Give the records below again in full, exactly as written, but without any images.

§ **Items listed in a dataset**:

┌────────

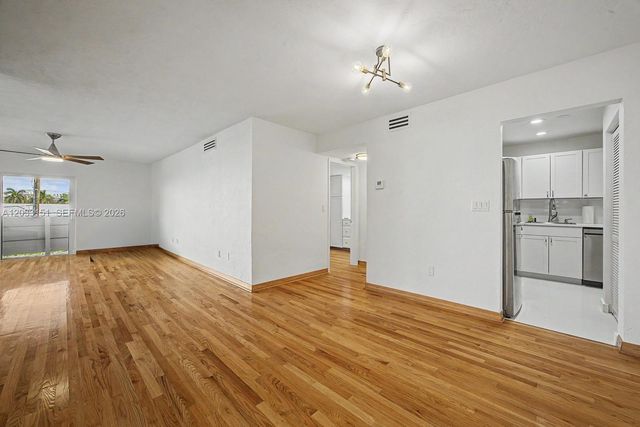 1205 Mariposa Avenue 415, Coral Gables, FL 33146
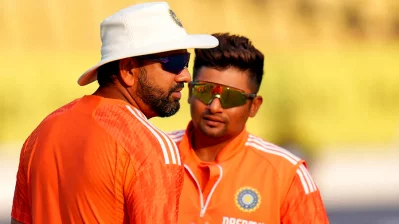 ভারতীয় দলের অনুশীলনে রোহিত শর্মা ও সরফরাজ খান। ফাইল ছবি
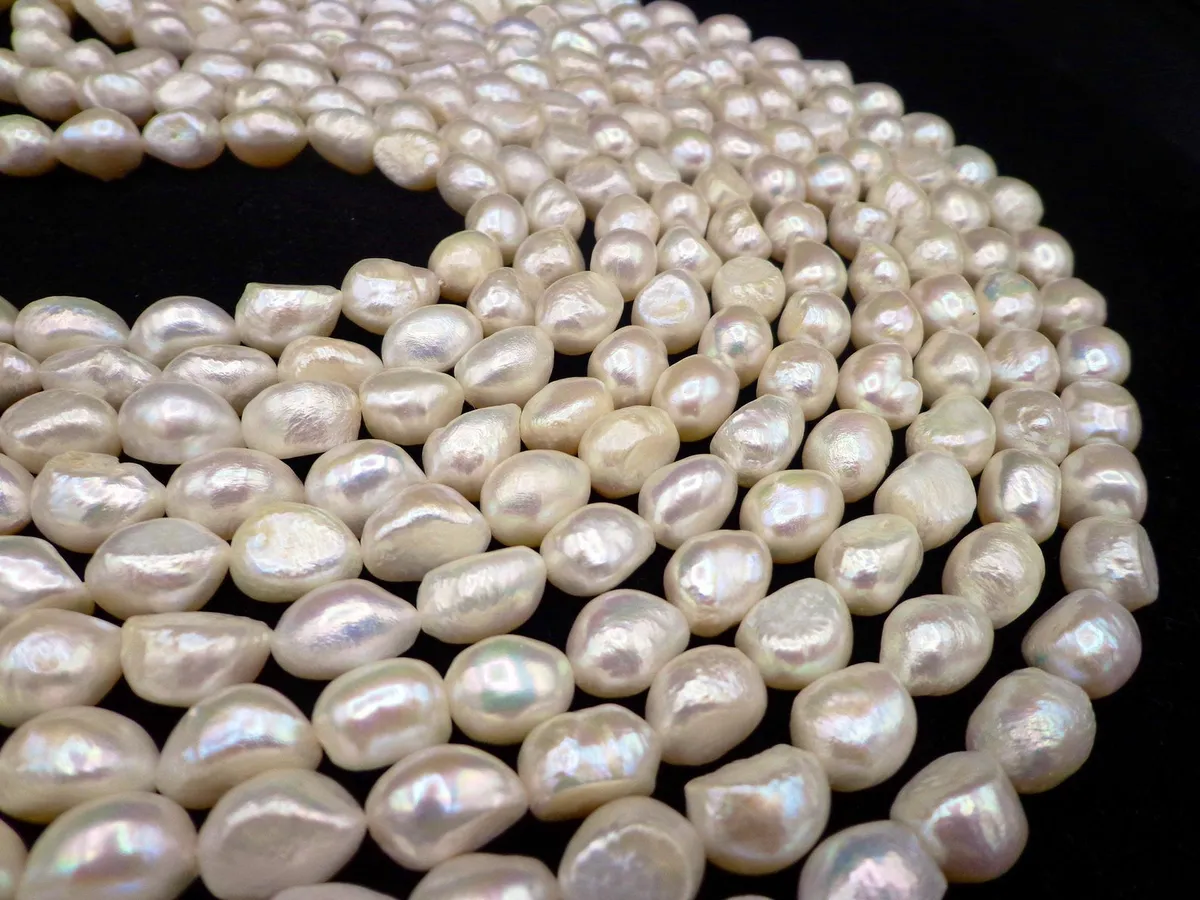 lines of pearl beads in a circle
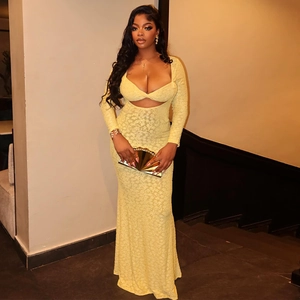 Robe longue en dentelle jaune à manches longues avec découpes et coupe sirène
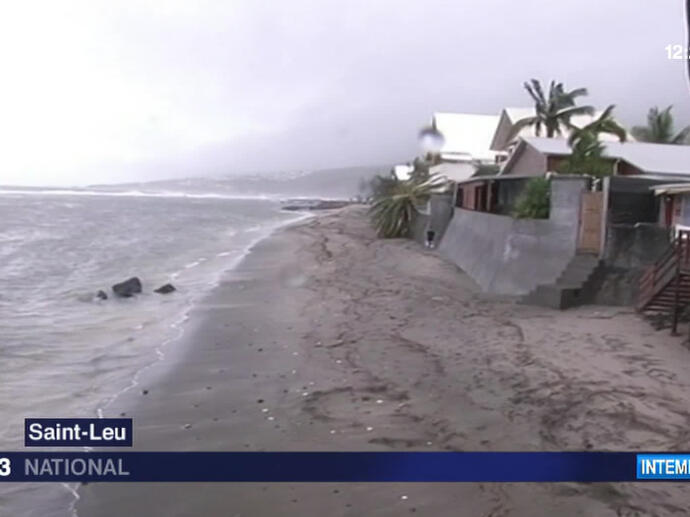 Dégâts à La Réunion après le passage du cyclone Bejisa INA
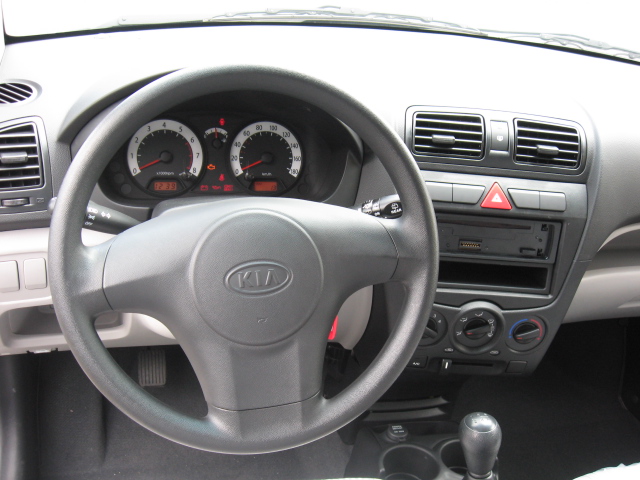 Kia Picanto 007.jpg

└────────

§ **Your solution**:
 1205 Mariposa Avenue 415, Coral Gables, FL 33146
 ভারতীয় দলের অনুশীলনে রোহিত শর্মা ও সরফরাজ খান। ফাইল ছবি
 lines of pearl beads in a circle
 Robe longue en dentelle jaune à manches longues avec découpes et coupe sirène
 Dégâts à La Réunion après le passage du cyclone Bejisa INA
 Kia Picanto 007.jpg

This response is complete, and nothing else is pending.